Assignment 4

Note: I've deliberately made this week's required assignment pretty easy, and the extra credit quite high, to provide a strong incentive for you to do more than the minimum and get hands-on with one of the extra credit suggestions.

Required:

Prove that cross entropy H(p,q) = H(p) + D(p||q). (Yes, by this I mean simply using the definitions out of Manning and Schuetze and showing that the left side and the right side are equal to each other.)
Notice that since D(p||q) must be greater than or equal to 0, this establishes that cross entropy is an upper bound on entropy.
This problem makes use of the same corpora from last week's assignment. Construct two n-gram language models: M_d based on the Democratic speeches and M_r from the Republican speeches. Treating Obama's speech as a test set, compare the perplexity of models M_d and M_r. Which one is a better language model?
Using a a unigram model is fine, and last week's homework should already give you most of what you need. If you're interested in being more realistic, a bigram or trigram model would be more interesting and plausible, although of course these data sets are unrealistically small. If you're feeling like this assignment is too easy and you want to do something more challenging and real, you could try using the SRI language modeling toolkit (srilm), KenLM, or another of the language modeling toolkits widely used in NLP (or I imagine NLTK probably has decent LM support in python), and/or using different corpora that might give you interesting results.

Optional extra credit

I strongly recommend that, for up to an additional 50% extra credit on this assignment (i.e. a "very high pass", which would be worth 150% of a high pass), you do one of these three mini-projects.

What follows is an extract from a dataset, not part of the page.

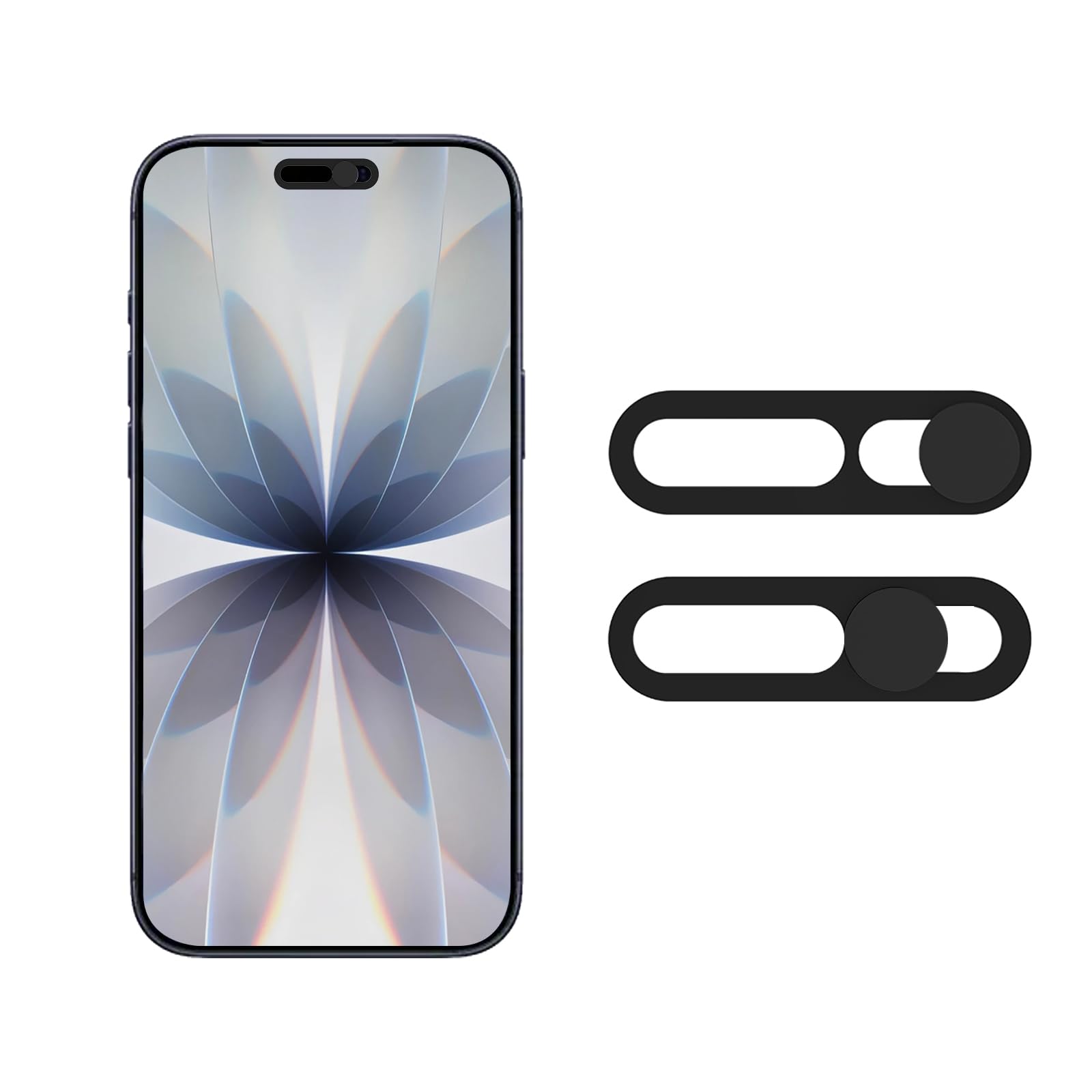 Front Camera Cover Compatible for Phone 17/17 Air/17 Pro/17 Pro Max - Easy Slide Security Cover, Privacy Slider Protects Your Phone Security-Black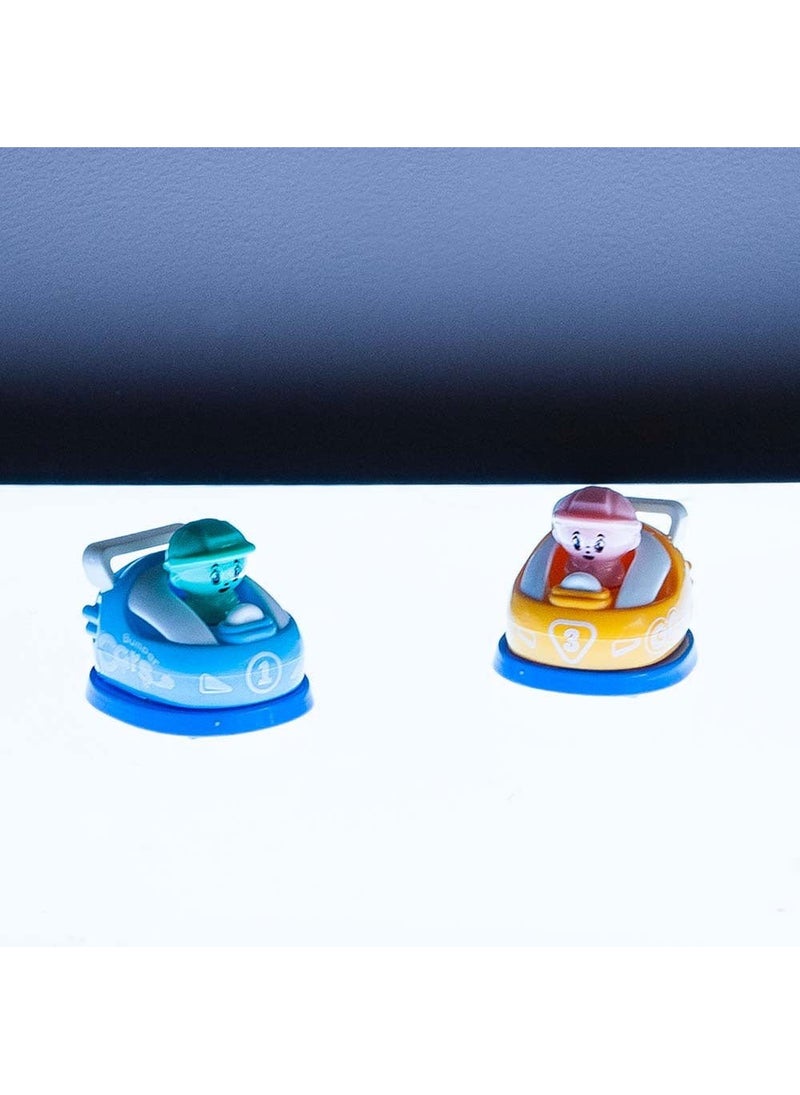 BOLAND Bumper Cars Pull Back Toys Plastic 4.5cm 2-Pack - Image 2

EC1. Do the Using a Hidden Markov Model exercise. This goes beyond HMM training and decoding as abstractions and gives you a chance to get a hands-on feel for how HMMs and EM are to use. No programming required, although, as it says in the exercise instructions, you're also welcome to dig deeper if you'd like.
EC2. In class we spoke about the study by Piantadoso et al. (2011), Word lengths are optimized for efficient communication, showing that word length correlates better with the average amount of information conveyed by a word than it does with the word's unigram frequency. This seems like it should be a really easy do-it-yourself experiment -- so the extra credit is to have a try at doing it yourself! You can do this for the simple case of just bigram probabilities and just English, and you are not required to actually succeed in replicating their results -- that would take a lot of work, since they used fairly sizeable corpora that you probably don't have easy access to. In fact, you're not even required to compute correlations; we'll be happy if you produce charts that look roughly like their Figure 2, no error bars required. You'll get credit for clearly describing for us what you did, along with any simplifying choices you made and why/how you made them, and telling us what you you found. The more thoughtful your writeup the better.
As one possible source of data to work with, see the NLTK corpora. The Brown corpus would be a smallish but decent source for English (just remove POS tags and lowercase everything; it's already tokenized). If you're feeling more ambitious, you could try the Europarl corpora for English and/or other languages (tens of millions of words per language for a lot of languages).
Note that we have not tried this ourselves, so, again, remember that the goal is not to "get it right", but to show you understand the ideas and that you're taking a thoughtful approach. The writeup matters.
EC3. This is another opportunity to get a little real-world practice at creating corpora from raw data and working with them. We'll do an analysis similar to what you have been doing recently for political text, but using Obama's State of the Union addresses from 2012, 2013, and 2014, in order to answer the questions below. (You're welcome to download the transcripts from other sites if that makes it easier to extract the text.) Note that we haven't actually done this specific set of comparisons, so it's possible that these questions will have answers that are either surprising or boring. E.g. in part b, it's possible that there are no particularly interesting observations to make regarding similarity of one pair versus the other. If that turns out to be the case, say so and explain why that's your conclusion. Similarly for part c.
- a. Describe the steps you took to extract the text from the State of the Union Web pages and turn it into corpora.
- b. How does Obama's speech in 2014 compare with what he said back in 2013? In 2012? Which is it more similar to? Choose for yourself how you're going to measure "similar", and justify why that's a reasonable choice. (Don't go making up anything particularly original here: use the concepts we've been working with.)
- c. What words and/or phrases illustrate contrasts among the speeches, and/or progression or changes over time? Again, decide for yourself what technical choices to make in order to answer this question, and justify those choices. Feel free to draw on ideas and code from above and the previous assignment, if you'd like.